Les recommandations du Cigref

  • Adopter une approche présentant les risques business associés à la dette IT.
  • S’appuyer sur les enjeux de cybersécurité et de continuité de services.
  • Formaliser une cartographie du SI et mettre en exergue la dette et l’obsolescence IT.
  • Mettre en place des indicateurs de suivi de l’évolution de la dette IT.
  • Construire une grille de référence ou une matrice d’obsolescence des logiciels.
  • Développer un discours pédagogique ancré dans la réalité de son organisation.
  • Sensibiliser la direction générale et les directions métiers aux enjeux d’une maîtrise partagée du patrimoine IT.
  • Sanctuariser un budget pour la gestion de la dette IT.
  • Décommissionner les applications les moins utilisées.

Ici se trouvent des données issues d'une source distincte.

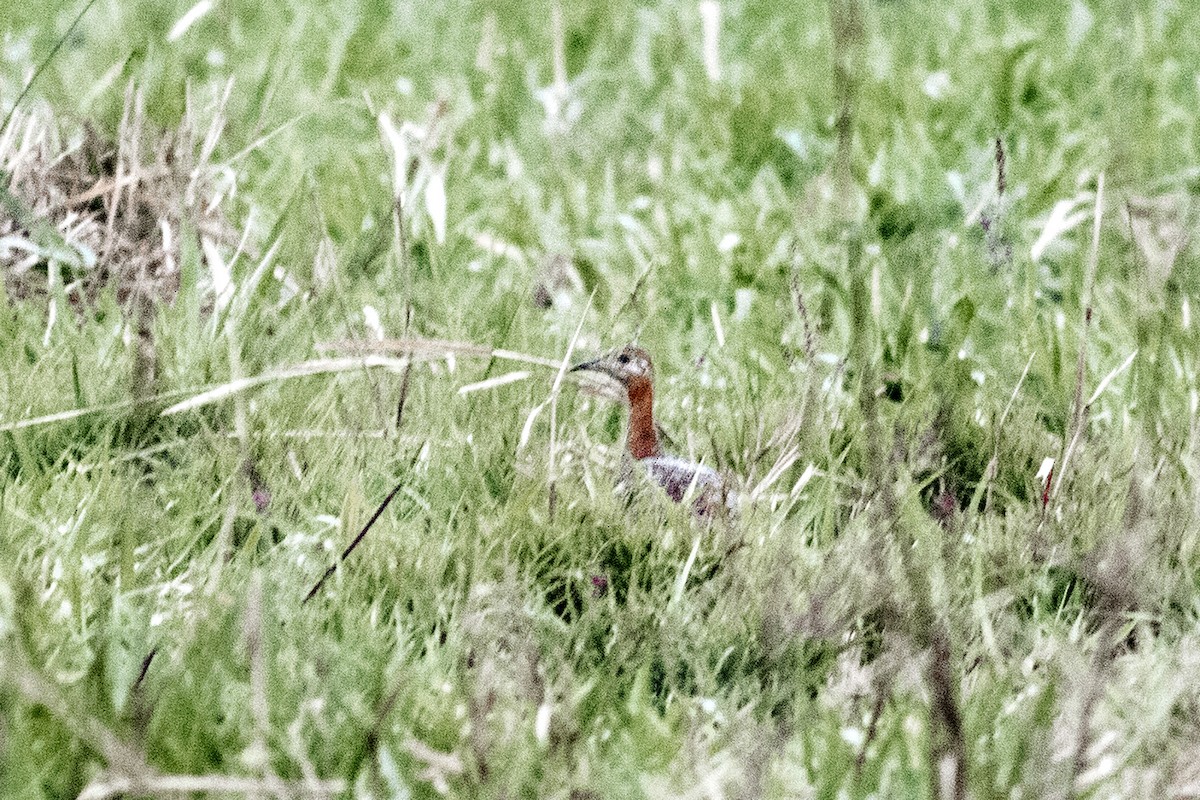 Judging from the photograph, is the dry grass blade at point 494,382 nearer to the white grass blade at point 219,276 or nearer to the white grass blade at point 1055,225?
the white grass blade at point 219,276

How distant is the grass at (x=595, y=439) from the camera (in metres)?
1.72

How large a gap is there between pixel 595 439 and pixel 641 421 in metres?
0.19

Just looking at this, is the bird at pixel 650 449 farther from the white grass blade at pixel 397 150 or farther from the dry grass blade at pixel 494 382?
the white grass blade at pixel 397 150

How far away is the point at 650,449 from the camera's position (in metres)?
2.42

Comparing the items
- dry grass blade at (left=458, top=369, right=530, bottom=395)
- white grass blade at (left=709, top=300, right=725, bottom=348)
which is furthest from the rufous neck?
white grass blade at (left=709, top=300, right=725, bottom=348)

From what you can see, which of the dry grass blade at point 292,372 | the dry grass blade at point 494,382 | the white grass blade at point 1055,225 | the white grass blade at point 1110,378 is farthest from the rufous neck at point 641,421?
the white grass blade at point 1055,225

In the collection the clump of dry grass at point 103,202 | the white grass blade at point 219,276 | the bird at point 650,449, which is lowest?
the bird at point 650,449

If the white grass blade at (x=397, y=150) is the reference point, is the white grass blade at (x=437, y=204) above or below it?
below

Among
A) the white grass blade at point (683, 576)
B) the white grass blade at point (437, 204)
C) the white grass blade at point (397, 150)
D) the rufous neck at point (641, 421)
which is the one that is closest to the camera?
the white grass blade at point (683, 576)

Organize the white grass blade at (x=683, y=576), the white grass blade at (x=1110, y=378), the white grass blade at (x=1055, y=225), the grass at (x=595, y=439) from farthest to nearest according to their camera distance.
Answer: the white grass blade at (x=1055, y=225)
the white grass blade at (x=1110, y=378)
the white grass blade at (x=683, y=576)
the grass at (x=595, y=439)

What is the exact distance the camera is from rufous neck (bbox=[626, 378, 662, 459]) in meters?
2.41

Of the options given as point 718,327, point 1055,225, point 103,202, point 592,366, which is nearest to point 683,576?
point 592,366

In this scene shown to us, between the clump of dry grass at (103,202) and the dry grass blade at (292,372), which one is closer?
the dry grass blade at (292,372)

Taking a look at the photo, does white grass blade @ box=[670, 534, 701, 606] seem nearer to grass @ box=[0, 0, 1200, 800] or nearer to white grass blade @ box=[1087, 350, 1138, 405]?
grass @ box=[0, 0, 1200, 800] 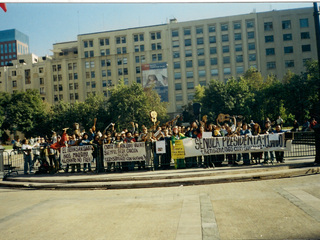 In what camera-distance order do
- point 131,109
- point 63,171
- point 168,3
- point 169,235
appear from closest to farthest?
point 168,3 → point 169,235 → point 63,171 → point 131,109

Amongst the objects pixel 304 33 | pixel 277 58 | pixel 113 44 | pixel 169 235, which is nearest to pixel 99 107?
pixel 113 44

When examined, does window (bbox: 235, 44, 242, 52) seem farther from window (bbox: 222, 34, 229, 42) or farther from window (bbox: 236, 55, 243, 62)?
window (bbox: 222, 34, 229, 42)

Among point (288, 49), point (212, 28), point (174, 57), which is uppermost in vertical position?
point (212, 28)

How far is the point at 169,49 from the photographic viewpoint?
83.7 metres

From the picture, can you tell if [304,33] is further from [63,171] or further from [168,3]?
[168,3]

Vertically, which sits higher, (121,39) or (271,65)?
(121,39)

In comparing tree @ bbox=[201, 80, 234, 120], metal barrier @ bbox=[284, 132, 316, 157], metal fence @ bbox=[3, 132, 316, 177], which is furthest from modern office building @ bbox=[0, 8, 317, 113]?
metal fence @ bbox=[3, 132, 316, 177]

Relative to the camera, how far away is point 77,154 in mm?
13641

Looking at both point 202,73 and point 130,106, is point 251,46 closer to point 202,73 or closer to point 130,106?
point 202,73

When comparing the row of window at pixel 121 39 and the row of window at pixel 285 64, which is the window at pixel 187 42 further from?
the row of window at pixel 285 64

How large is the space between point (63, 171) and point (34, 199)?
5959 millimetres

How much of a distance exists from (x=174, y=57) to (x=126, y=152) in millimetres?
73059

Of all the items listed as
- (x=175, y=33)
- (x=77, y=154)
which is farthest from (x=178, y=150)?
(x=175, y=33)

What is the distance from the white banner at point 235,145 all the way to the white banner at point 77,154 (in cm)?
435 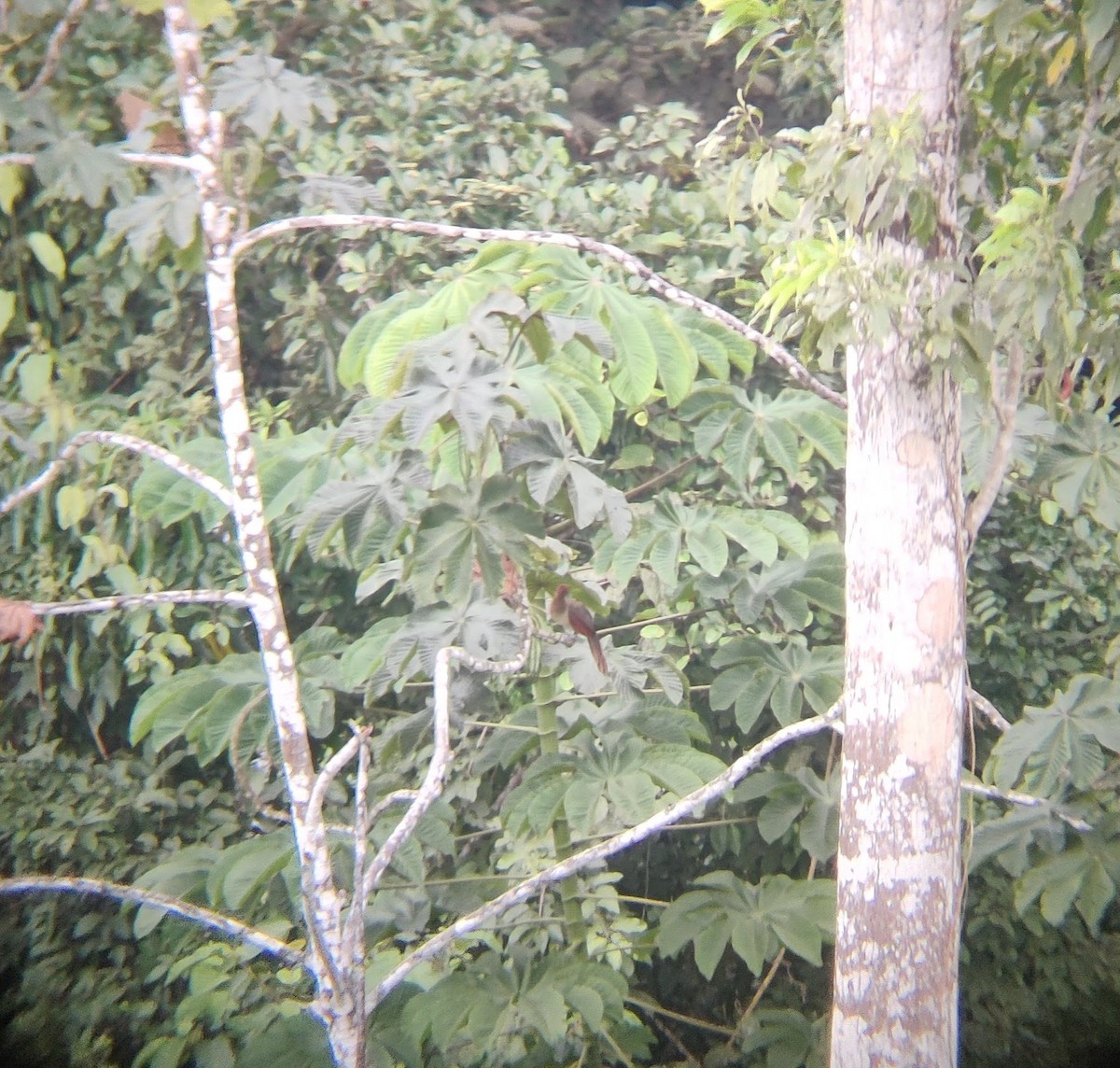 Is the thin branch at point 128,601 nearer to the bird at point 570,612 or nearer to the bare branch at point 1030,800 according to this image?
the bird at point 570,612

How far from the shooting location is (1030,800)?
185 centimetres

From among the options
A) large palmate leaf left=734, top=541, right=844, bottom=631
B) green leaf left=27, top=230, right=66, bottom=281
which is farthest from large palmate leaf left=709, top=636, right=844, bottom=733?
green leaf left=27, top=230, right=66, bottom=281

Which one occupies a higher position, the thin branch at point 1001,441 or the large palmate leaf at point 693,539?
the thin branch at point 1001,441

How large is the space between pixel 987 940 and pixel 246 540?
9.07 ft

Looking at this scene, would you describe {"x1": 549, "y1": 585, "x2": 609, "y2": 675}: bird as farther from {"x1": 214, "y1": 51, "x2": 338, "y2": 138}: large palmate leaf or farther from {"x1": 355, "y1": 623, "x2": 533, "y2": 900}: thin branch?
{"x1": 214, "y1": 51, "x2": 338, "y2": 138}: large palmate leaf

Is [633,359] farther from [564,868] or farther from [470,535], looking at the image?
[564,868]

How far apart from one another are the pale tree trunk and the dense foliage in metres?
0.12

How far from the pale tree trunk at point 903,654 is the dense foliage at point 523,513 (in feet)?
0.40

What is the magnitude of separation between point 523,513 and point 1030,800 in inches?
40.7

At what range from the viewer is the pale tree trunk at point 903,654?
1629mm

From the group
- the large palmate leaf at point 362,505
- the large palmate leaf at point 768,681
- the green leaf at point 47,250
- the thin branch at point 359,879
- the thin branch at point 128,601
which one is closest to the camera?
the thin branch at point 128,601

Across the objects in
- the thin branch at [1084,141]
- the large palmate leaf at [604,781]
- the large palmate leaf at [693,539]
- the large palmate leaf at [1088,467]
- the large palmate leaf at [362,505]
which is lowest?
the large palmate leaf at [604,781]

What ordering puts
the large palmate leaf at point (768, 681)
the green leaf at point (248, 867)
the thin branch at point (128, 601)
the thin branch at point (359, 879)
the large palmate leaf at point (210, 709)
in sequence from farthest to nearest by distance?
the large palmate leaf at point (768, 681) < the large palmate leaf at point (210, 709) < the green leaf at point (248, 867) < the thin branch at point (359, 879) < the thin branch at point (128, 601)

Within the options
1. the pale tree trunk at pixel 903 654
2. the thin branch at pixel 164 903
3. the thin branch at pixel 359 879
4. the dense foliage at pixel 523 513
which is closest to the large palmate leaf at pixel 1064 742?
the dense foliage at pixel 523 513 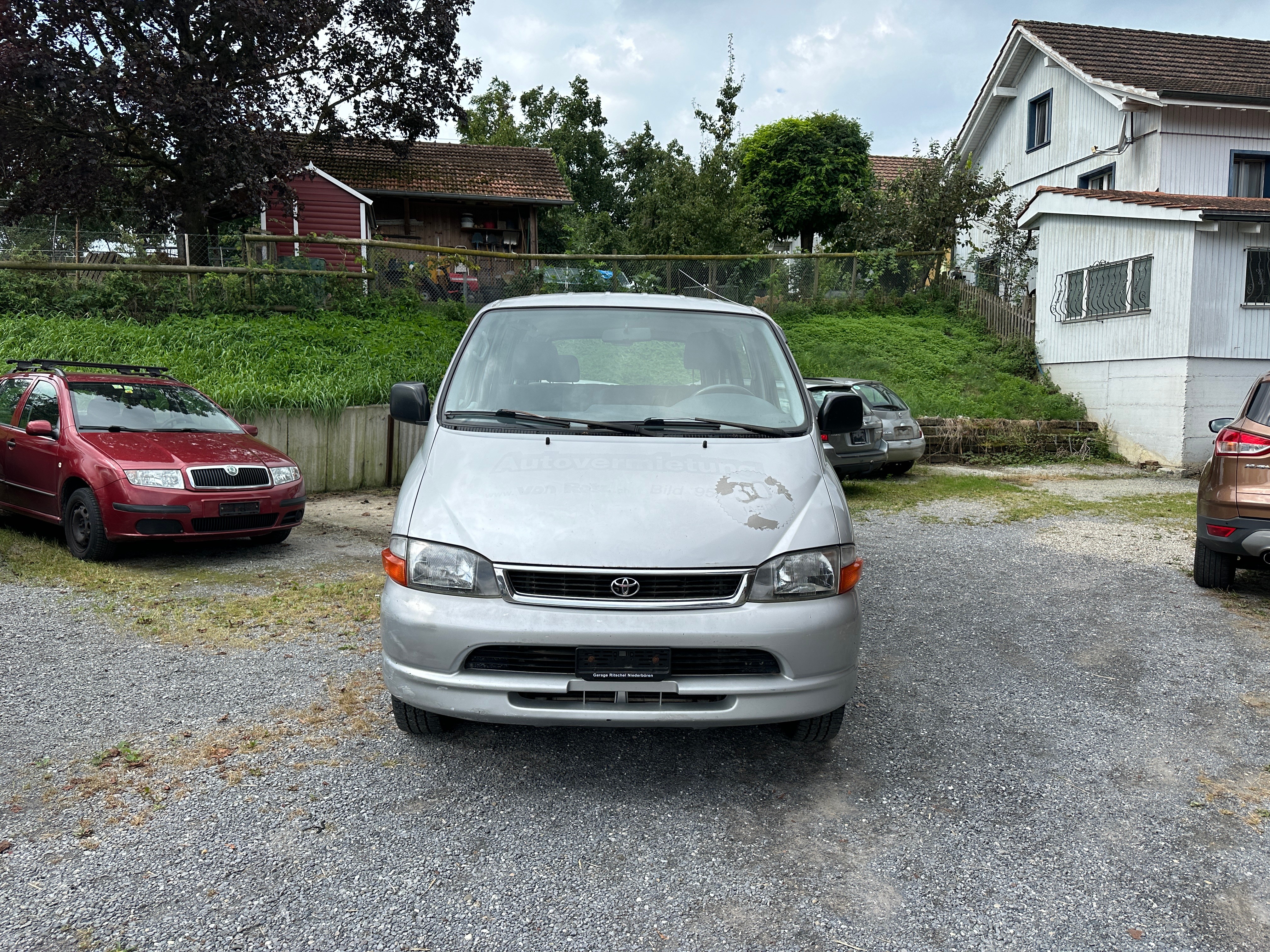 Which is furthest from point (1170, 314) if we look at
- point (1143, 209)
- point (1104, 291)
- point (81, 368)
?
point (81, 368)

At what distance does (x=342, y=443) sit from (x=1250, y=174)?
20282mm

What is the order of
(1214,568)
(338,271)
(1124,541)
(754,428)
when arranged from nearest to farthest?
1. (754,428)
2. (1214,568)
3. (1124,541)
4. (338,271)

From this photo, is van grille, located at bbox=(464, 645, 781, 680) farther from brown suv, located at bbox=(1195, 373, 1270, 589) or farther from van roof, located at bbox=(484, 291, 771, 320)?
brown suv, located at bbox=(1195, 373, 1270, 589)

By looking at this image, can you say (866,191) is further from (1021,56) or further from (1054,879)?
(1054,879)

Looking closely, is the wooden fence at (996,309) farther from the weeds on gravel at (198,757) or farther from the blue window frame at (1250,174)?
the weeds on gravel at (198,757)

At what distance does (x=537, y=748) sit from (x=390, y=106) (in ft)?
75.7

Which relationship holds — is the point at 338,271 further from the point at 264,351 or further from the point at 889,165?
the point at 889,165

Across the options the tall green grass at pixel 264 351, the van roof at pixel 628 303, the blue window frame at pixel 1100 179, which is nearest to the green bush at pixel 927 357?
the blue window frame at pixel 1100 179

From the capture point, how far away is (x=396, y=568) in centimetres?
349

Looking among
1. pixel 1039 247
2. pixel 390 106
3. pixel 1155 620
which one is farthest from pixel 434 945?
pixel 390 106

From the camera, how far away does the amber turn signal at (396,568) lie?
11.3ft

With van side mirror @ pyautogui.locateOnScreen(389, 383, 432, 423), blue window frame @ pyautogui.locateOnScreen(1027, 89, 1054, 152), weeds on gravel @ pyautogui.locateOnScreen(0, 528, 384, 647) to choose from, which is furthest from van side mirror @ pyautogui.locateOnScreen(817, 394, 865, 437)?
blue window frame @ pyautogui.locateOnScreen(1027, 89, 1054, 152)

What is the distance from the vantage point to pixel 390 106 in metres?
23.5

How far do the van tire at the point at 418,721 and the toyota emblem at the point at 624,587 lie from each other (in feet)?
3.27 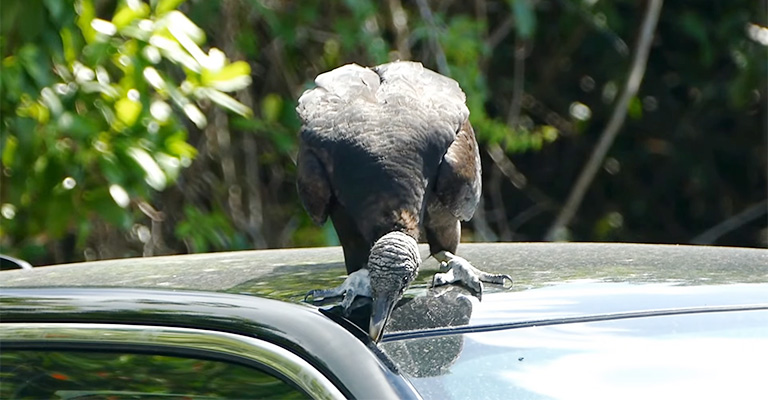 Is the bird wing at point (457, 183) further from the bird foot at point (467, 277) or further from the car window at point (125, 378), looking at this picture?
the car window at point (125, 378)

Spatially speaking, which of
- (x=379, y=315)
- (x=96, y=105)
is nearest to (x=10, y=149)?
(x=96, y=105)

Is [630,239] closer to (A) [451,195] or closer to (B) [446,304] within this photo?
(A) [451,195]

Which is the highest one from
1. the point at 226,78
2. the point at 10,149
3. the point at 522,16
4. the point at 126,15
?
the point at 522,16

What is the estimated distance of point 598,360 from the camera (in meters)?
1.73

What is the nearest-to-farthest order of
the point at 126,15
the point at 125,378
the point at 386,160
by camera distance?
1. the point at 125,378
2. the point at 386,160
3. the point at 126,15

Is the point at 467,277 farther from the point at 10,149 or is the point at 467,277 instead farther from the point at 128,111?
the point at 10,149

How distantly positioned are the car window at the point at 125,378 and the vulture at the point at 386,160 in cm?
79

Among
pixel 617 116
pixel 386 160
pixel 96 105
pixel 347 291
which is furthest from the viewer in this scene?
pixel 617 116

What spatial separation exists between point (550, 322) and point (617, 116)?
4619 mm

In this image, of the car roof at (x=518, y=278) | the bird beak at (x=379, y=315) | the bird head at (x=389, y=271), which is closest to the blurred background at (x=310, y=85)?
the car roof at (x=518, y=278)

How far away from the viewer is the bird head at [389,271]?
1.95 m

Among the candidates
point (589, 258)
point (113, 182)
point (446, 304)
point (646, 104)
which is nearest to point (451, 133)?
point (589, 258)

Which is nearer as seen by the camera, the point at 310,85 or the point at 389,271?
the point at 389,271

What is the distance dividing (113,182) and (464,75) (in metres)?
1.81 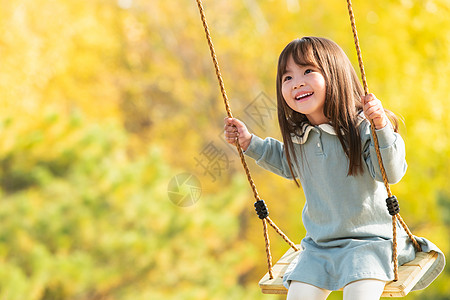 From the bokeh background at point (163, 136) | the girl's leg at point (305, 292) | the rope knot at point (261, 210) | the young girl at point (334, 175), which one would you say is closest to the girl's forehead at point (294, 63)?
the young girl at point (334, 175)

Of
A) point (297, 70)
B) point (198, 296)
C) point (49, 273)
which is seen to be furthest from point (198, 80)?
point (297, 70)

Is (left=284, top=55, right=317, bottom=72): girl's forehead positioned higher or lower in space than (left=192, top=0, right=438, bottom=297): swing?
higher

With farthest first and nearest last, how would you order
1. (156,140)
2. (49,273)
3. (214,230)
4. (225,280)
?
(156,140) → (225,280) → (214,230) → (49,273)

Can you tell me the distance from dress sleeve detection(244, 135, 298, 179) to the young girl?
0.19 feet

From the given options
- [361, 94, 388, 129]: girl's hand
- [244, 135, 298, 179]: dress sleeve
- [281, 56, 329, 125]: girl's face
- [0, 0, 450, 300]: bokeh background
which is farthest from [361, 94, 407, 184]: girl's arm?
[0, 0, 450, 300]: bokeh background

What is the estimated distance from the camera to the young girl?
1151 millimetres

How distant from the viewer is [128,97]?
24.0 ft

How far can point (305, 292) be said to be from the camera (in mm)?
1145

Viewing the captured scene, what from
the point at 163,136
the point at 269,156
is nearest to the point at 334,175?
the point at 269,156

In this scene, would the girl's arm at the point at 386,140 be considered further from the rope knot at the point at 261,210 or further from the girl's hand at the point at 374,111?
the rope knot at the point at 261,210

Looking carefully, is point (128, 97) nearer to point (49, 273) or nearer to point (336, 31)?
point (336, 31)

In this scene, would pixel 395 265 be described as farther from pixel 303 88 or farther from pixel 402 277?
pixel 303 88

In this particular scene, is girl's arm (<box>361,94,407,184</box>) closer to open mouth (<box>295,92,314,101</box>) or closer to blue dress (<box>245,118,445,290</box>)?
blue dress (<box>245,118,445,290</box>)

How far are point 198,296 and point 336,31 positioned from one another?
94.8 inches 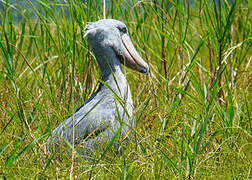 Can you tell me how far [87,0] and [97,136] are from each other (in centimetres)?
92

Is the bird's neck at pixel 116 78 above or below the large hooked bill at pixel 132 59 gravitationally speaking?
below

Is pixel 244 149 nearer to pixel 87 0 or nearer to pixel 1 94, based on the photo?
pixel 87 0

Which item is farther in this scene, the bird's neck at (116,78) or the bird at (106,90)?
the bird's neck at (116,78)

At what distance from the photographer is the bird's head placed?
2414 mm

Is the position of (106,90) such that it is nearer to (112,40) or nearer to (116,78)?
(116,78)

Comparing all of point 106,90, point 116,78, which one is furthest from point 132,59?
point 106,90

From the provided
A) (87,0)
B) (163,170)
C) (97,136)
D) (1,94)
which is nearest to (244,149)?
(163,170)

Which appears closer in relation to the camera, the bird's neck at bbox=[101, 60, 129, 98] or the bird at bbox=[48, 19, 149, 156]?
the bird at bbox=[48, 19, 149, 156]

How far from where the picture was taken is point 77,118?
2.28 meters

  • Intégrer le décommissionnement des éléments du SI dans les projets de transformation.
  • Utiliser tous les projets de transformation numérique comme leviers de maîtrise de la dette IT.
  • S’appuyer sur la migration dans le cloud et sur les outils d’automatisation à disposition.
  • Trouver un équilibre entre le maintien des compétences nécessaires sur le SI patrimonial (legacy) et l’évolution des compétences indispensables pour maîtriser les nouvelles technologies.